CATL’s initial public offering in 2018 made Zeng and two CATL vice presidents rich. Together they own 40% of the industry. Other early investors, some with deep political connections, also fared well.

An even older investor in CATL was a Chinese private equity company linked to Hunter Biden.

The firm, known as BHR, purchased a 0.4% stake in 2016, paying approximately $15 million (BRL 85.65 million). In 2019, when BHR applied to sell the stake, it was valued at around US$76 million (R$434 million).

Biden left BHR’s board in April 2020, according to Chinese corporate records, and no longer has any proprietary interest in BHR, according to his lawyer, Chris Clark.

It is unclear whether Biden won the CATL deal, and Clark declined to comment further. Another BHR board member — who, like Biden, owned 10% of the firm — received a payment of approximately $230,000 (BRL 1.31 billion) from the deal, said the board member, who asked not to be named. . Jonathan Li, chief executive of BHR, did not respond to phone calls and email inquiries.
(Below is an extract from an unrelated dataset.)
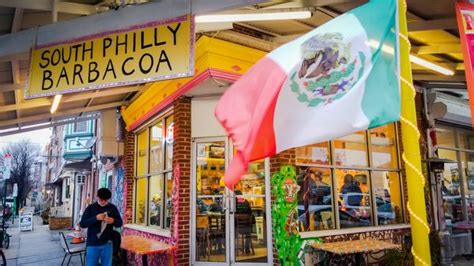 South Philly Barbacoa 834 Photos And 576 Reviews Mexican 1140 S 9th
When asked about the investments, CATL quoted its IPO prospectus, saying, “All investors acquired their stakes based on the common rules for private equity raising activities.”

help with fire

CATL holds a third of the global market for batteries for electric cars. Its biggest global rival is LG, with a share of a quarter. At one point, CATL also faced a tough rival at home.
Shenzhen-based BYD boasted of a famous investor, Warren Buffett. Unlike CATL, which invested heavily in lithium-cobalt batteries, BYD bet on traditional lithium batteries.

Last year, BYD questioned the safety of cobalt batteries. She produced video of a test similar to one used by Chinese regulators until recently to determine the safety of a battery cell: hammering a nail into it.

BYD declined to identify the manufacturer. The cell’s lithium-cobalt chemistry was similar to that used by CATL, as well as by South Korean companies.

Chinese regulators did not respond to requests for comment on why they abandoned the nail test two months later. They replaced it with a test of whether an entire battery could contain a fire for five minutes — similar to that done in other countries. CATL said what counts is the security provided by the entire battery system.

For now, CATL is building a large factory more than three times the size of Tesla and Panasonic’s electric car battery giant in the Nevada desert. CATL’s giant factory in Fuding, northeast of Ningde, is one of eight that CATL is building today, for more than $14 billion. The company armed small armies of construction workers to erect buildings 15 meters high and steel walls, larger than five football fields.

Yu Bin, a concrete worker in Fuding, said he recently worked 20 hours straight to finish a roof. “The lights from the cranes light up the night,” he said.